| Problem to work on |
Once the pictures are set aside, repeat all of the data below exactly.

| Information supplied |
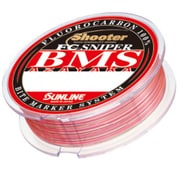 バスフィッシングライン シューター・FC スナイパー BMS AZAYAKA 75m 3.5LB ナチュラルクリア&ピンク&イエローグリーン&オレンジ&グレー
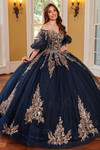 Floral Embroidered Rachel Allan Quinceanera Dress RQ1110
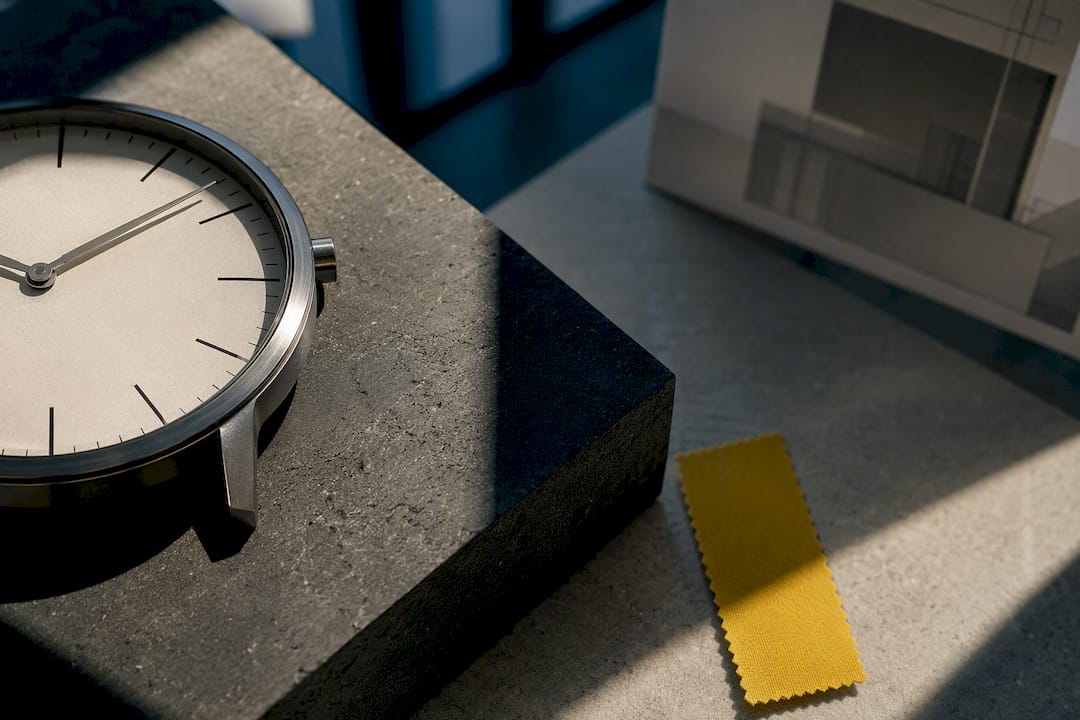 Partial minimalist watch dial in design gallery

| Solution below |
 バスフィッシングライン シューター・FC スナイパー BMS AZAYAKA 75m 3.5LB ナチュラルクリア&ピンク&イエローグリーン&オレンジ&グレー
 Floral Embroidered Rachel Allan Quinceanera Dress RQ1110
 Partial minimalist watch dial in design gallery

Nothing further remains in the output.